PORTO PRÍNCIPE (Reuters) - A Organização das Nações Unidas está avaliando retirar pessoal militar da sua missão de paz no Haiti, disse uma autoridade da organização nesta quinta-feira, indicando uma possível redução em uma das missões mais longas e criticadas da entidade.

A missão das Nações Unidas no Haiti, que costuma ser chamada pela sigla MINUSTAH e é comandada pelo Brasil, está no país desde 2004, quando uma rebelião levou à expulsão e ao exílio do então presidente Jean-Bertrand Aristide.

Ela é a única missão de paz da organização nas Américas.

O Haiti passou por uma crise política de dois anos até a recente eleição e posse do presidente Jovenel Moise. O país viveu grandes tragédias naturais, incluindo um terremoto em 2010 e o furacão Matthew no ano passado. Contudo, o país empobrecido não tem um conflito armado há anos.

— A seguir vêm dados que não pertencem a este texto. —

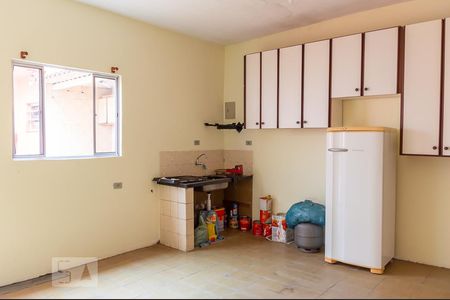 Casa à venda com 179m², 2 quartos e 2 vagasCozinha 2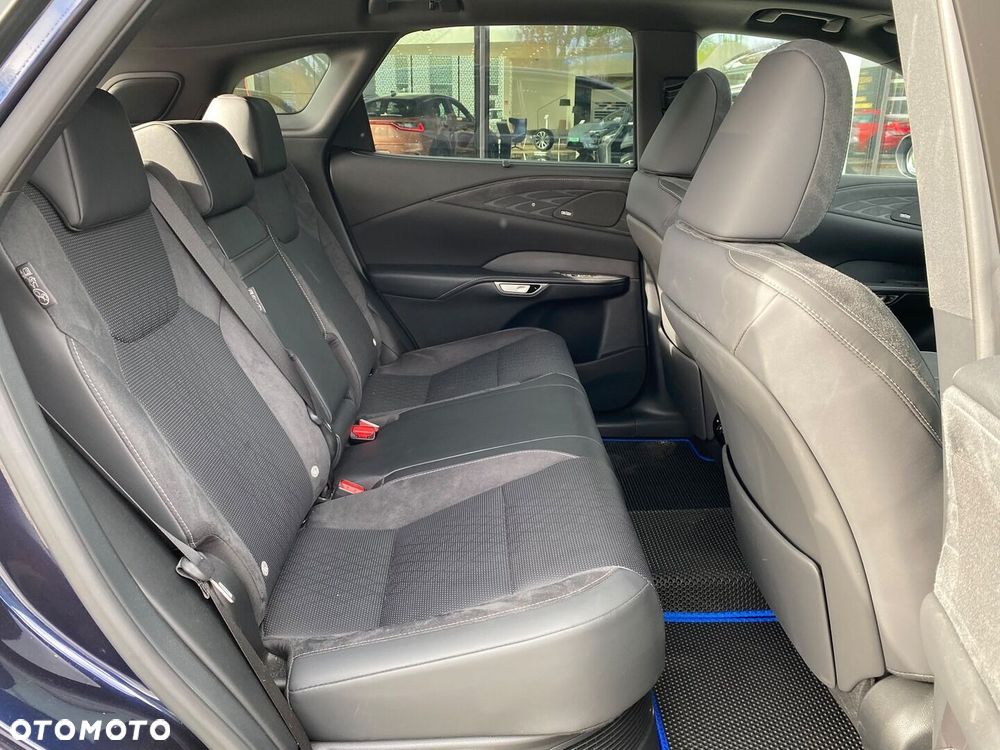 Lexus RX 450h+ Omotenashi - 22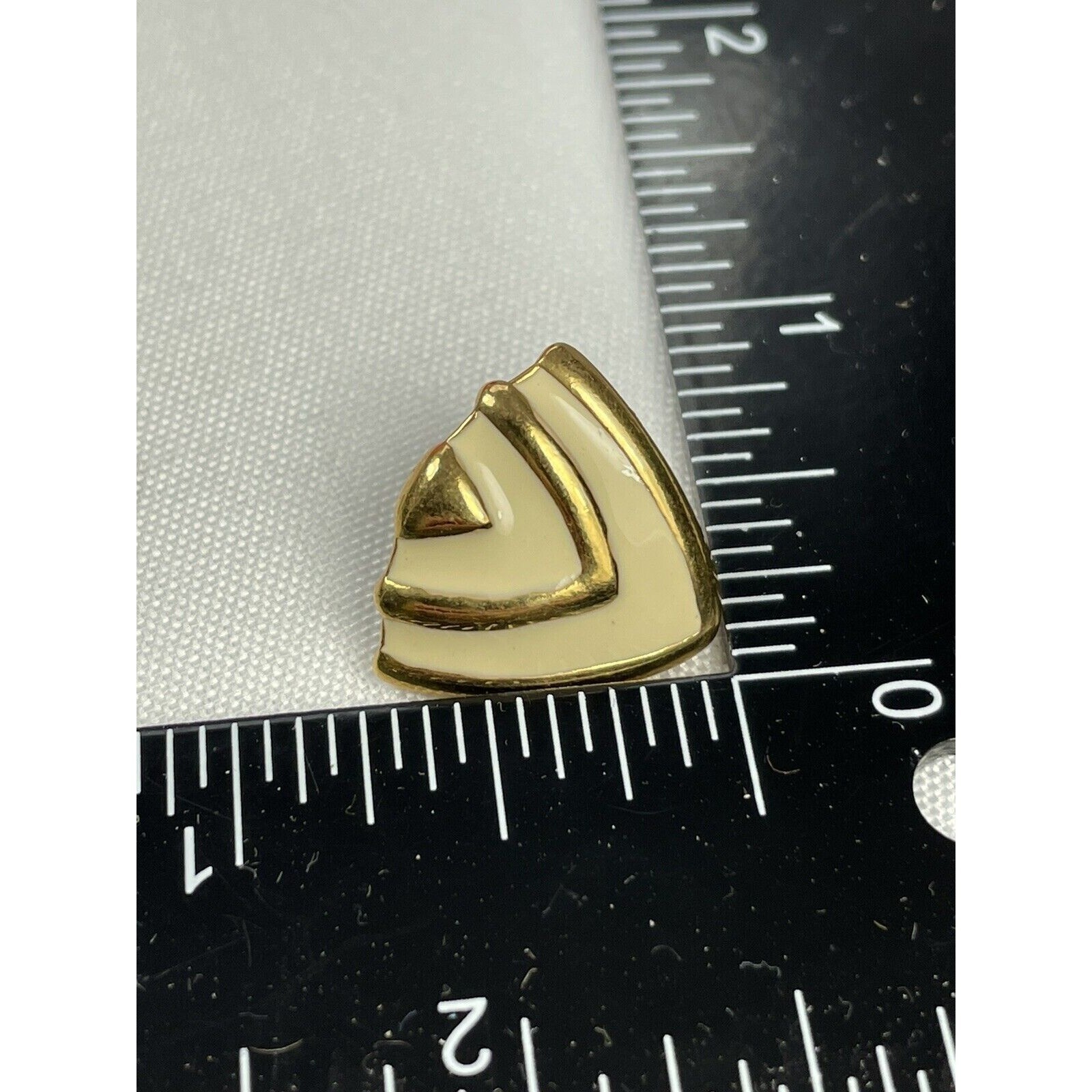FABULOUS Off White Enamel And Gold Tone MODERNIST Triangular DESIGNER EARRINGS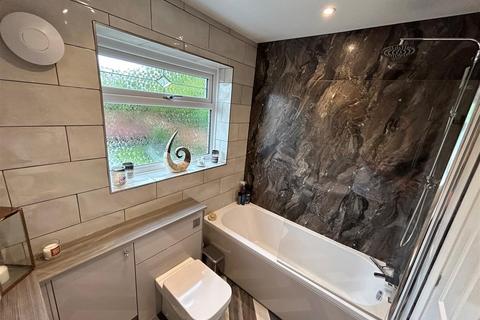 10 Aldeford Drive, Brierley Hill, DY5 3JF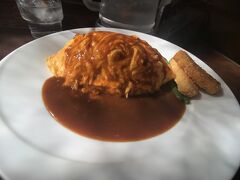 帝国ホテルを出て、近くの洋食屋でオムライスをいただきました。とても美味しかったのですが、少し後に残りました。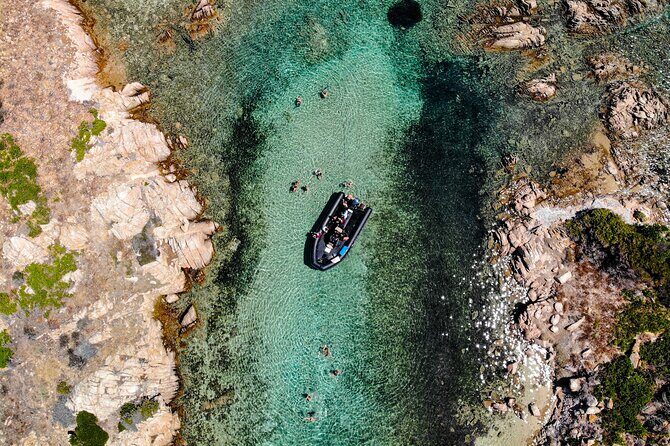 Tour of the Archipelago of La Maddalena ecofriendly - La Maddalena town stop: the real change of pace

Herve Ladsous, um dirigente das Nações Unidas, afirmou que a instituição está animada com a finalização recente e exitosa do processo eleitoral, a posse do presidente e o desenvolvimento da força policial.

"A situação da segurança no país não pode ser comparada com a de dez anos atrás”, declarou ele.

"No entanto eu digo a todos que possam se sentir tentados a se aproveitar desse período para voltar à ilegalidade, cometer crimes e violações aos direitos humanos, eu digo não, não vamos aceitar isso.”